ASSIGNED TASK -> In full and without change, repeat the records shown below.
─── RECORDS TO PROCESS ───
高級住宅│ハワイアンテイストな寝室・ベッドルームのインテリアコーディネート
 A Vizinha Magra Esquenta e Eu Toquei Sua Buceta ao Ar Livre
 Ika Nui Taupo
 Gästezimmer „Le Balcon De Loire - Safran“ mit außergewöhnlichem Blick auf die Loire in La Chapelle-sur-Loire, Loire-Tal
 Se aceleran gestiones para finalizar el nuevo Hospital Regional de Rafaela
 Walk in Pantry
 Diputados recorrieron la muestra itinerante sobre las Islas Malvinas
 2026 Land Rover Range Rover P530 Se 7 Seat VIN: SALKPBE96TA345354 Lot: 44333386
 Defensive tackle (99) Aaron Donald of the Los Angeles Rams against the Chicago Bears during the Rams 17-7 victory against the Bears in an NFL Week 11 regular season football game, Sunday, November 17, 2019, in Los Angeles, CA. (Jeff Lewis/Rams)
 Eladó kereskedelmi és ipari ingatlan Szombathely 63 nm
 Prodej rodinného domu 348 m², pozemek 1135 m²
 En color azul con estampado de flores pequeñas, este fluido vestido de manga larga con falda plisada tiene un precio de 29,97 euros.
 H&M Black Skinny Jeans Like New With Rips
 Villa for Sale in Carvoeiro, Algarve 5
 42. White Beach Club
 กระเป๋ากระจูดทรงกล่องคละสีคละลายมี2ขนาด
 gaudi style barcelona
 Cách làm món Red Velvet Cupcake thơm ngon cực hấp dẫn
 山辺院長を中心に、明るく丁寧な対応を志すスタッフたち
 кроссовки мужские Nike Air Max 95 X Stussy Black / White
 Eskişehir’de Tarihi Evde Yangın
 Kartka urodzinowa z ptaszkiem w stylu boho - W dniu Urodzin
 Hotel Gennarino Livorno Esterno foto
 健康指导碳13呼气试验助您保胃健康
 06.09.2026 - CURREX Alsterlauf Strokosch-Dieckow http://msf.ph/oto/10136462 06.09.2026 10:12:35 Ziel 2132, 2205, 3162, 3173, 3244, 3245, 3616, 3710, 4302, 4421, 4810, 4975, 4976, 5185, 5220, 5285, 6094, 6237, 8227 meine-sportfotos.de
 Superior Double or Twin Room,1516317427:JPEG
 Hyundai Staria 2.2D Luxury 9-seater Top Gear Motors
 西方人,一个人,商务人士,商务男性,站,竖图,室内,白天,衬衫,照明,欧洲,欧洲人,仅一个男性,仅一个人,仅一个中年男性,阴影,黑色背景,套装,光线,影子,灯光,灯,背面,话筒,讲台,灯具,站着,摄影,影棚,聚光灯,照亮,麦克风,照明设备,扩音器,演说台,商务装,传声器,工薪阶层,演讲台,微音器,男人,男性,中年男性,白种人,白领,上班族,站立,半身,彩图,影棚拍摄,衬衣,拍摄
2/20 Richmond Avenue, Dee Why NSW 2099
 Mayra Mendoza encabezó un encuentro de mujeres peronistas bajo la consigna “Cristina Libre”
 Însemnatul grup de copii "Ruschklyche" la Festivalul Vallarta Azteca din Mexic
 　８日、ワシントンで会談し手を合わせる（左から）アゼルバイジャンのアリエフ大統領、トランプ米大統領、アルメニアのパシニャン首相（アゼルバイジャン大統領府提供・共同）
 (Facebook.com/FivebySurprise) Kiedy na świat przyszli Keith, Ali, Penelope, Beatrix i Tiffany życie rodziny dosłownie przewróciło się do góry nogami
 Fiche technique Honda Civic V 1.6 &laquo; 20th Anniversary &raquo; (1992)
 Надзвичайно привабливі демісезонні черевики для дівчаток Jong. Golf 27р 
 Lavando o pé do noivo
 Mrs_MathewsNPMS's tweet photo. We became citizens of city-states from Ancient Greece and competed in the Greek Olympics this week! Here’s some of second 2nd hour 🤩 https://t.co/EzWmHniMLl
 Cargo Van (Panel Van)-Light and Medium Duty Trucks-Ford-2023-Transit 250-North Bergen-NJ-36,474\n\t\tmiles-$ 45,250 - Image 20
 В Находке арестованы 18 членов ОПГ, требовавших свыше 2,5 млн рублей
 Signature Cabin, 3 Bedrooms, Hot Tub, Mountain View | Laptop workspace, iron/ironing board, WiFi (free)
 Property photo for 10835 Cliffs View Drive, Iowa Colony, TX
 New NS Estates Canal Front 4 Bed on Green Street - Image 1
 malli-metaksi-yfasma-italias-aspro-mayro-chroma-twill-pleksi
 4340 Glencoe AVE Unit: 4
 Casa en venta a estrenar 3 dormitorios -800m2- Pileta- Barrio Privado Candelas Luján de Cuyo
───
PROBLEM SOLUTION ->
高級住宅│ハワイアンテイストな寝室・ベッドルームのインテリアコーディネート
 A Vizinha Magra Esquenta e Eu Toquei Sua Buceta ao Ar Livre
 Ika Nui Taupo
 Gästezimmer „Le Balcon De Loire - Safran“ mit außergewöhnlichem Blick auf die Loire in La Chapelle-sur-Loire, Loire-Tal
 Se aceleran gestiones para finalizar el nuevo Hospital Regional de Rafaela
 Walk in Pantry
 Diputados recorrieron la muestra itinerante sobre las Islas Malvinas
 2026 Land Rover Range Rover P530 Se 7 Seat VIN: SALKPBE96TA345354 Lot: 44333386
 Defensive tackle (99) Aaron Donald of the Los Angeles Rams against the Chicago Bears during the Rams 17-7 victory against the Bears in an NFL Week 11 regular season football game, Sunday, November 17, 2019, in Los Angeles, CA. (Jeff Lewis/Rams)
 Eladó kereskedelmi és ipari ingatlan Szombathely 63 nm
 Prodej rodinného domu 348 m², pozemek 1135 m²
 En color azul con estampado de flores pequeñas, este fluido vestido de manga larga con falda plisada tiene un precio de 29,97 euros.
 H&M Black Skinny Jeans Like New With Rips
 Villa for Sale in Carvoeiro, Algarve 5
 42. White Beach Club
 กระเป๋ากระจูดทรงกล่องคละสีคละลายมี2ขนาด
 gaudi style barcelona
 Cách làm món Red Velvet Cupcake thơm ngon cực hấp dẫn
 山辺院長を中心に、明るく丁寧な対応を志すスタッフたち
 кроссовки мужские Nike Air Max 95 X Stussy Black / White
 Eskişehir’de Tarihi Evde Yangın
 Kartka urodzinowa z ptaszkiem w stylu boho - W dniu Urodzin
 Hotel Gennarino Livorno Esterno foto
 健康指导碳13呼气试验助您保胃健康
 06.09.2026 - CURREX Alsterlauf Strokosch-Dieckow http://msf.ph/oto/10136462 06.09.2026 10:12:35 Ziel 2132, 2205, 3162, 3173, 3244, 3245, 3616, 3710, 4302, 4421, 4810, 4975, 4976, 5185, 5220, 5285, 6094, 6237, 8227 meine-sportfotos.de
 Superior Double or Twin Room,1516317427:JPEG
 Hyundai Staria 2.2D Luxury 9-seater Top Gear Motors
 西方人,一个人,商务人士,商务男性,站,竖图,室内,白天,衬衫,照明,欧洲,欧洲人,仅一个男性,仅一个人,仅一个中年男性,阴影,黑色背景,套装,光线,影子,灯光,灯,背面,话筒,讲台,灯具,站着,摄影,影棚,聚光灯,照亮,麦克风,照明设备,扩音器,演说台,商务装,传声器,工薪阶层,演讲台,微音器,男人,男性,中年男性,白种人,白领,上班族,站立,半身,彩图,影棚拍摄,衬衣,拍摄
2/20 Richmond Avenue, Dee Why NSW 2099
 Mayra Mendoza encabezó un encuentro de mujeres peronistas bajo la consigna “Cristina Libre”
 Însemnatul grup de copii "Ruschklyche" la Festivalul Vallarta Azteca din Mexic
 　８日、ワシントンで会談し手を合わせる（左から）アゼルバイジャンのアリエフ大統領、トランプ米大統領、アルメニアのパシニャン首相（アゼルバイジャン大統領府提供・共同）
 (Facebook.com/FivebySurprise) Kiedy na świat przyszli Keith, Ali, Penelope, Beatrix i Tiffany życie rodziny dosłownie przewróciło się do góry nogami
 Fiche technique Honda Civic V 1.6 &laquo; 20th Anniversary &raquo; (1992)
 Надзвичайно привабливі демісезонні черевики для дівчаток Jong. Golf 27р 
 Lavando o pé do noivo
 Mrs_MathewsNPMS's tweet photo. We became citizens of city-states from Ancient Greece and competed in the Greek Olympics this week! Here’s some of second 2nd hour 🤩 https://t.co/EzWmHniMLl
 Cargo Van (Panel Van)-Light and Medium Duty Trucks-Ford-2023-Transit 250-North Bergen-NJ-36,474\n\t\tmiles-$ 45,250 - Image 20
 В Находке арестованы 18 членов ОПГ, требовавших свыше 2,5 млн рублей
 Signature Cabin, 3 Bedrooms, Hot Tub, Mountain View | Laptop workspace, iron/ironing board, WiFi (free)
 Property photo for 10835 Cliffs View Drive, Iowa Colony, TX
 New NS Estates Canal Front 4 Bed on Green Street - Image 1
 malli-metaksi-yfasma-italias-aspro-mayro-chroma-twill-pleksi
 4340 Glencoe AVE Unit: 4
 Casa en venta a estrenar 3 dormitorios -800m2- Pileta- Barrio Privado Candelas Luján de Cuyo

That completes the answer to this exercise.